# [THE DATA]
::::::

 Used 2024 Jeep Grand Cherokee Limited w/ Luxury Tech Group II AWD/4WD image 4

::::::

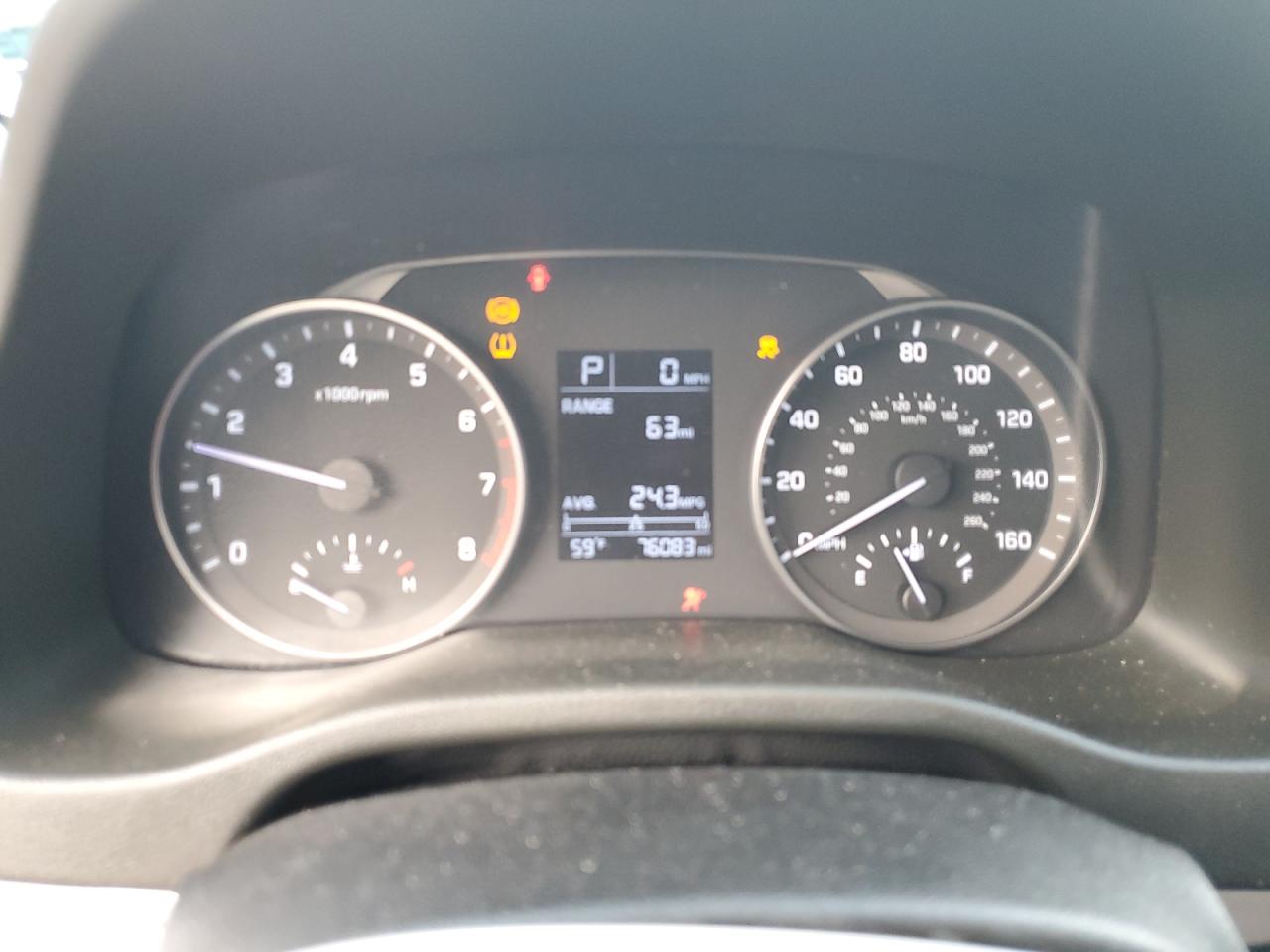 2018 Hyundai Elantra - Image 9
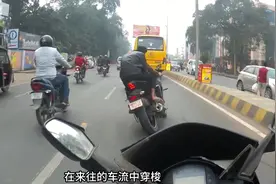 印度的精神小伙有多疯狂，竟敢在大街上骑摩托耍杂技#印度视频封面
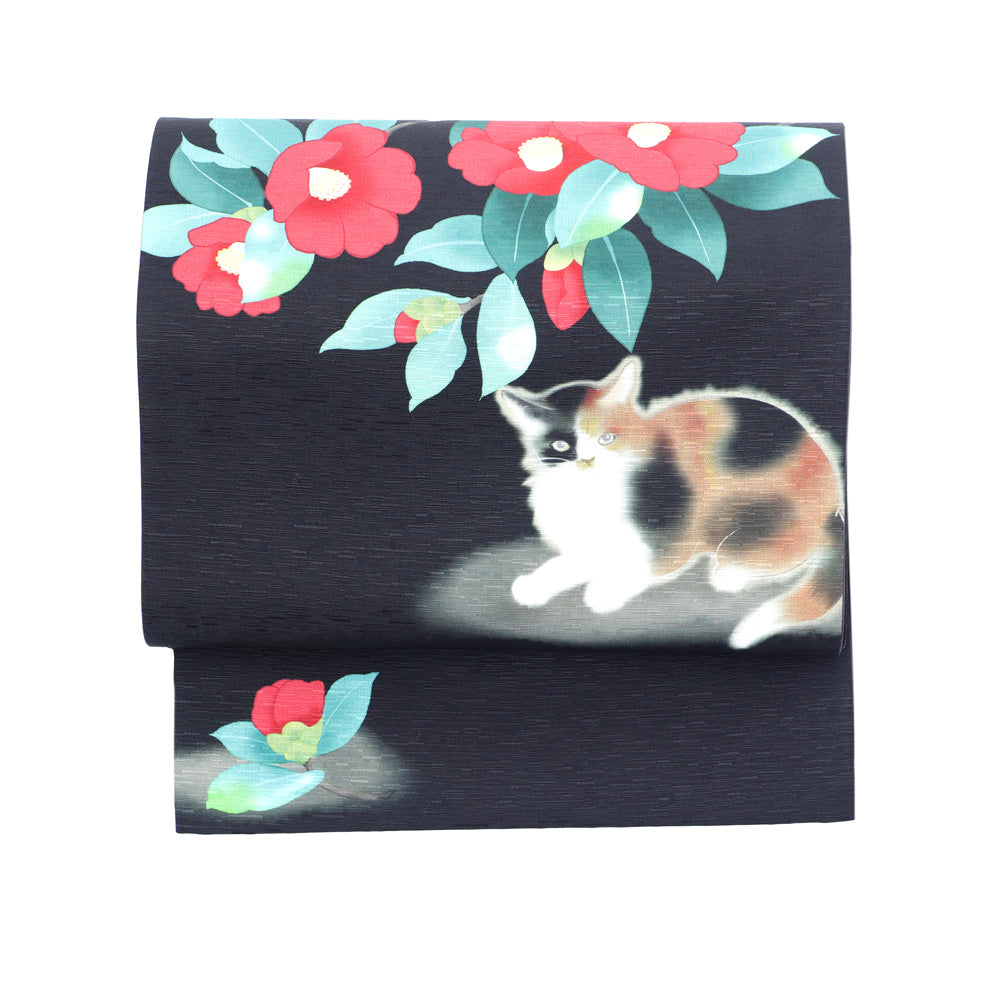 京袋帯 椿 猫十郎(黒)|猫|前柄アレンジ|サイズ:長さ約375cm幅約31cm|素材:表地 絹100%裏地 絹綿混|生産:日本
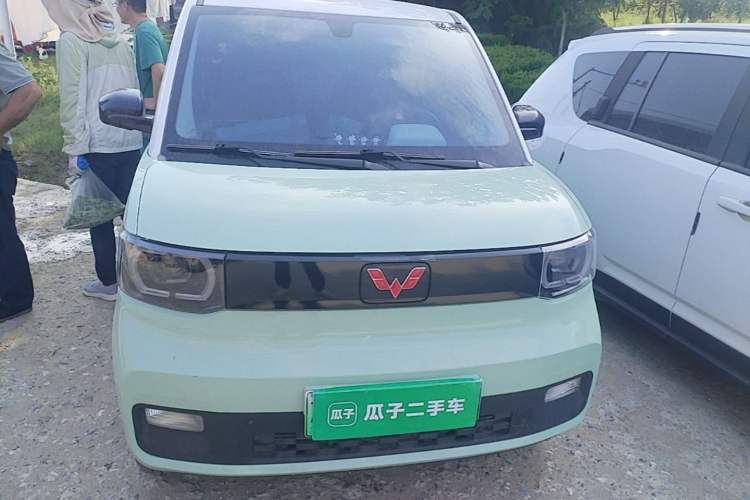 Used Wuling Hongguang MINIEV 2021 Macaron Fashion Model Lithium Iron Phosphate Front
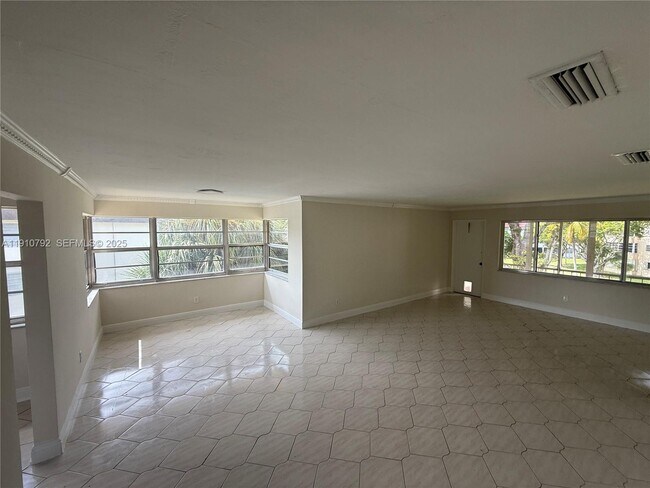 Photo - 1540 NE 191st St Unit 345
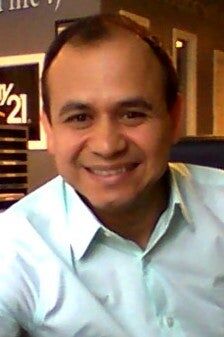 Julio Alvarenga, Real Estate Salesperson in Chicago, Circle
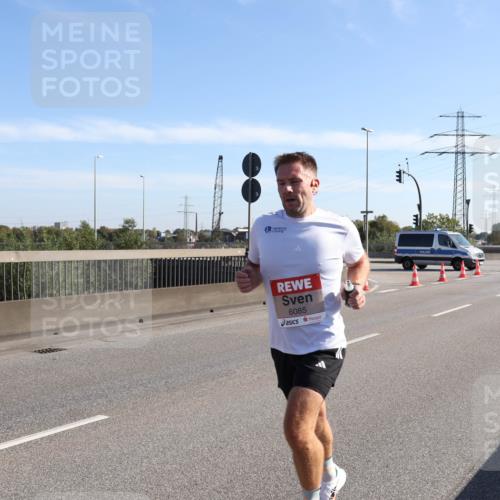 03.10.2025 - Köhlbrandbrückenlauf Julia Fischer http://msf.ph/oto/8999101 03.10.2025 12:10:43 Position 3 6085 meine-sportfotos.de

::::::

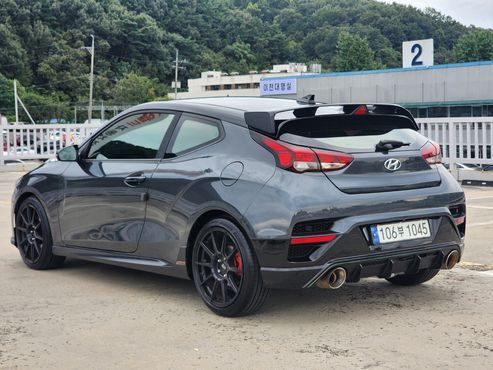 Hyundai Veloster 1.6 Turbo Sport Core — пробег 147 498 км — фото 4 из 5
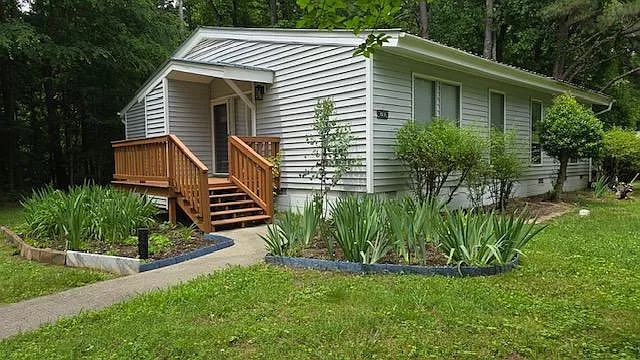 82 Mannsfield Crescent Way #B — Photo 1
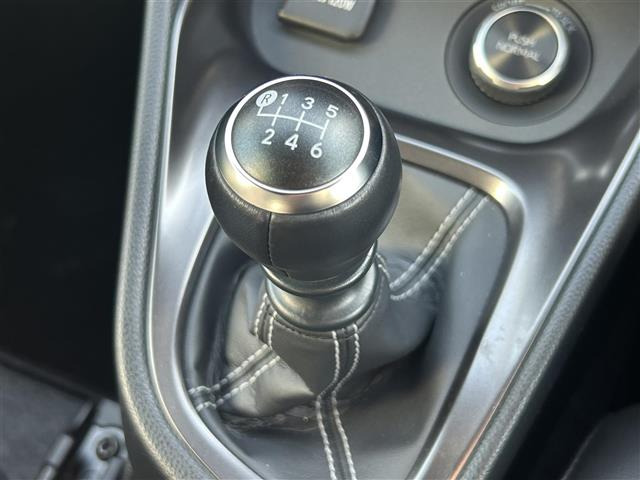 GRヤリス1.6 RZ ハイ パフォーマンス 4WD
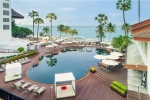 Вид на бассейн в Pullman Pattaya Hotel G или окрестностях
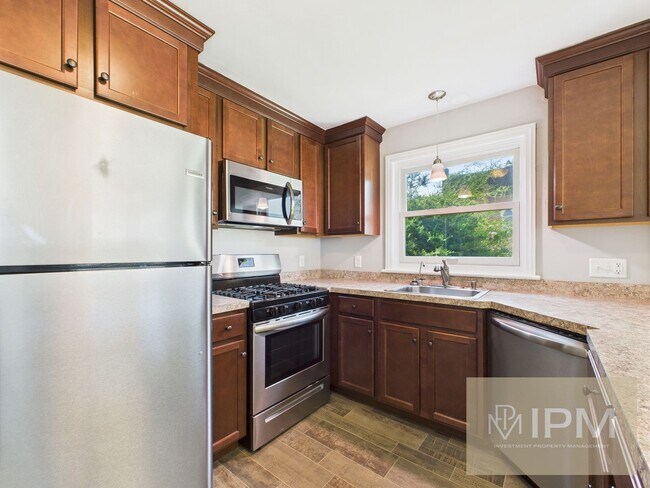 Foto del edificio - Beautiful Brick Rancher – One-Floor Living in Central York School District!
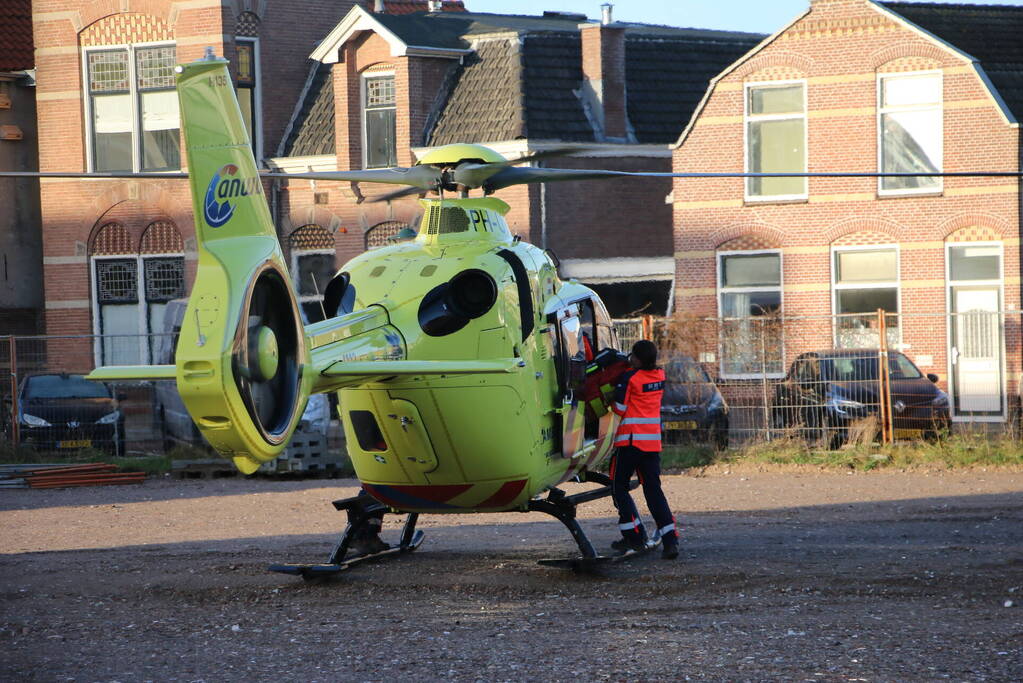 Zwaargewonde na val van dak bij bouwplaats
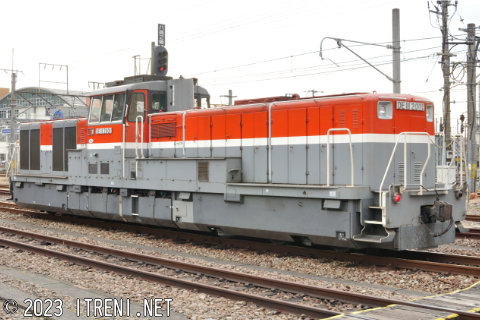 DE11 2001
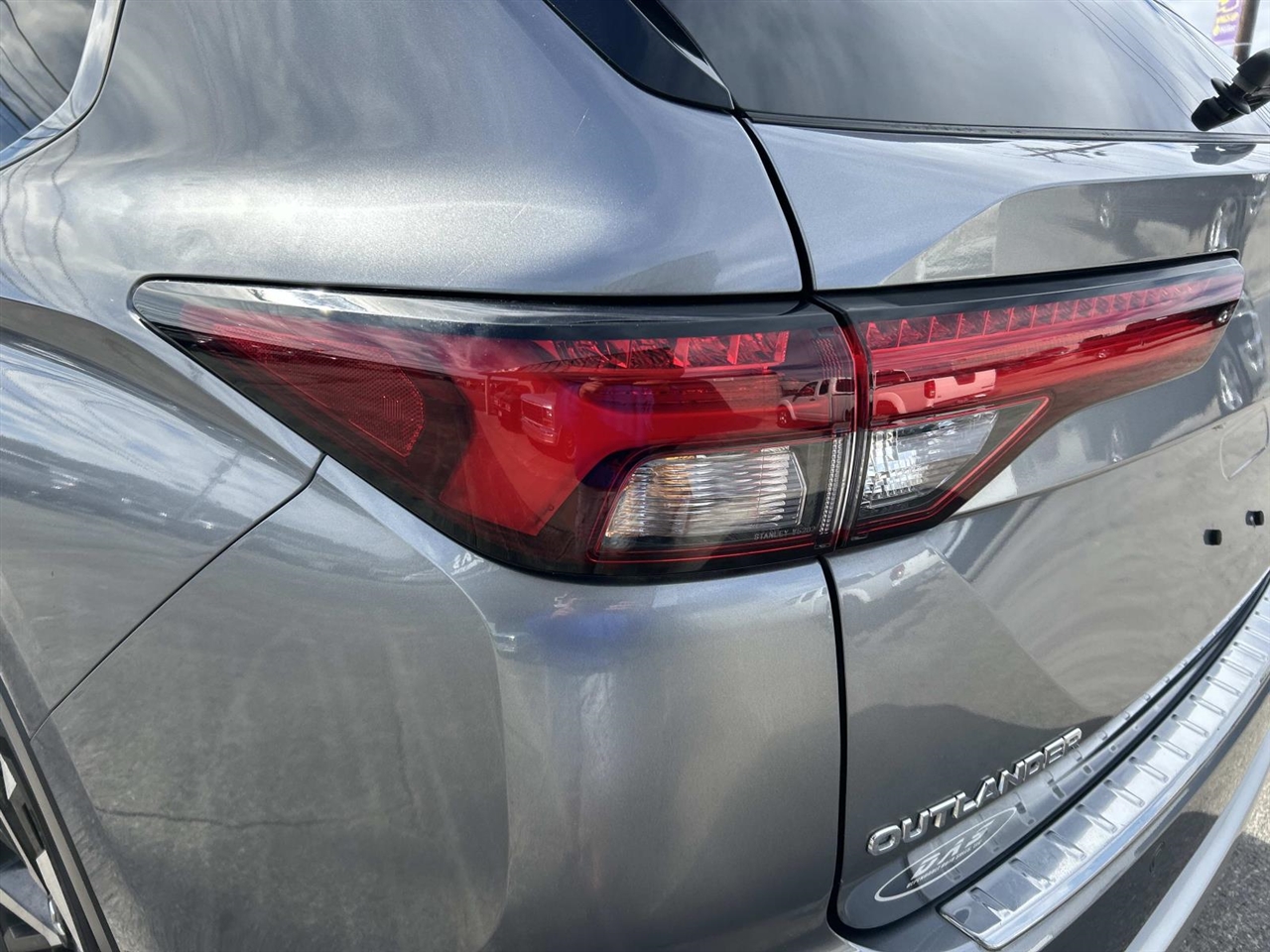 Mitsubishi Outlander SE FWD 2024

::::::

# [YOUR OBJECTIVE]
From the records above, write out exactly the lines that begin at the line with "京袋帯 椿 猫十郎(黒)|猫|前柄アレンジ|サイズ:長さ約375cm幅約31cm|素材:表地" and end at the line with "Julio Alvarenga, Real". Pictures must not appear in the output.

# [SOLUTION TO THE PROBLEM]
 京袋帯 椿 猫十郎(黒)|猫|前柄アレンジ|サイズ:長さ約375cm幅約31cm|素材:表地 絹100%裏地 絹綿混|生産:日本
 Used Wuling Hongguang MINIEV 2021 Macaron Fashion Model Lithium Iron Phosphate Front
 Photo - 1540 NE 191st St Unit 345
 Julio Alvarenga, Real Estate Salesperson in Chicago, Circle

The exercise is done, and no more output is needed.